Dependency Minimum Version Notes
CMake 3.26 Toolchain configuration
C++ C++23 compiler MSVC 19.36+, Clang 16+, GCC 12+
CUDA (opt) 12.x Required for GPU fast paths and CUDA Graphs
Python 3.8+ Running hotpath validation scripts (optional)

Windows uses a vendored vcpkg manifest (vcpkg.json) for optional dependencies (OpenVDB, TBB, etc.).


Building from Source

# Configure (Ninja + Release recommended)
cmake -S . -B build -G Ninja -DCMAKE_BUILD_TYPE=Release

# Build renderer library, CLI, and tests
cmake --build build --target dvren_renderer dvren_render dvren_core_tests --config Release

If CUDA is unavailable, set -DDVREN_ENABLE_CUDA=OFF. The build system will still produce CPU binaries and automatically skip fused/graph paths.

Key CMake options:

Option Default Description
DVREN_ENABLE_CUDA ON Enable CUDA compilation and fast paths when a CUDA compiler is present.
DVREN_BUILD_PROJECT_TESTS ON Build and register dvren integration tests.
DVREN_BUILD_APPS ON Build the dvren_render CLI.
DVREN_ENABLE_HOTPATH_TESTS OFF Pass through to hotpath/ to compile its test runner.

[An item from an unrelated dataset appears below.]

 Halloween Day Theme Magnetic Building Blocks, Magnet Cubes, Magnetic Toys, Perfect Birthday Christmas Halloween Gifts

The hotpath library is exposed via the alias dvren::hotpath, and host wrappers link against it by default.


Running the CLI Renderer

./build/Release/dvren_render.exe examples/simple_volume.json output.ppm

Sample output:

Forward stats: rays=16 samples=160 total_ms=0.0265
Workspace bytes total=30648 sample=8260 integration=4480 gradient=4144 scratch=12740
Wrote "/path/to/output.ppm"

Configuration Schema (examples/simple_volume.json)

{
  "render": {
    "width": 512,
    "height": 512,
    "t_near": 0.1,
    "t_far": 4.0,
    "dt": 0.01,
    "max_steps": 256,
    "sampling_mode": "fixed",       // or "stratified"
    "seed": 42,
    "options": {
      "use_fused_path": true,
      "enable_graph": false,
      "capture_stats": true
    }
  },
  "volume": {
    "size": [64, 64, 64],
    "density": [...],
    "color": [...],                 // defaults to density if omitted
    "bbox_min": [0.0, 0.0, 0.0],
    "bbox_max": [1.0, 1.0, 1.0],
    "interp": "linear",             // or "nearest"
    "oob": "zero"                   // or "clamp"
  },
  "output": {
    "path": "frame.ppm"
  }
}

CLI always writes a PPM (P6) image and reports workspace usage for quick capacity checks.


C++ API Overview

#include <dvren/core/context.hpp>
#include <dvren/core/plan.hpp>
#include <dvren/fields/dense_grid.hpp>
#include <dvren/render/renderer.hpp>

// Create context
dvren::Context ctx;
dvren::Context::Create(dvren::ContextOptions{}, ctx);

// Describe render plan
dvren::PlanDescriptor plan_desc{};
plan_desc.width = 1024;
plan_desc.height = 1024;
plan_desc.t_near = 0.0f;
plan_desc.t_far = 5.0f;
plan_desc.sampling.dt = 0.01f;
plan_desc.sampling.max_steps = 512;
plan_desc.max_rays = plan_desc.width * plan_desc.height;
plan_desc.max_samples = plan_desc.max_rays * plan_desc.sampling.max_steps;

dvren::Plan plan;
dvren::Plan::Create(ctx, plan_desc, plan);

// Dense grid field on host
dvren::DenseGridConfig grid_cfg{};
grid_cfg.resolution = {64, 64, 64};
grid_cfg.sigma.assign(64 * 64 * 64, 0.1f);
grid_cfg.color.assign(64 * 64 * 64 * 3, 0.5f);

dvren::DenseGridField field;
dvren::DenseGridField::Create(ctx, grid_cfg, field);

// Renderer with fused + graph enabled
dvren::RenderOptions opts{};
opts.use_fused_path = true;
opts.enable_graph = true;

dvren::Renderer renderer(ctx, plan, opts);
dvren::ForwardResult forward;
dvren::Status st = renderer.Forward(field, forward);
if (!st.ok()) {
    throw std::runtime_error(st.ToString());
}

// Backprop using upstream image gradients
std::vector<float> dL_dI(forward.ray_count * 3, 1.0f);
dvren::BackwardResult backward;
renderer.Backward(field, dL_dI, backward);

Renderer::workspace_info() exposes buffer sizes (rays, samples, integration, gradients, scratch). Graph capture is opportunistic: unsupported builds simply leave graph_forward_captured_ false and record a message in RenderStats::notes.


Testing

Integration tests are enabled by default:

ctest --output-on-failure -C Release

tests/core/test_core.cpp runs three scenarios—staged, fused, and graph-enabled—verifying that forward images and gradients match (tolerance 1e-4) and that workspace totals are non-zero. This ensures regression coverage for the Phase P0/P1 deliverables.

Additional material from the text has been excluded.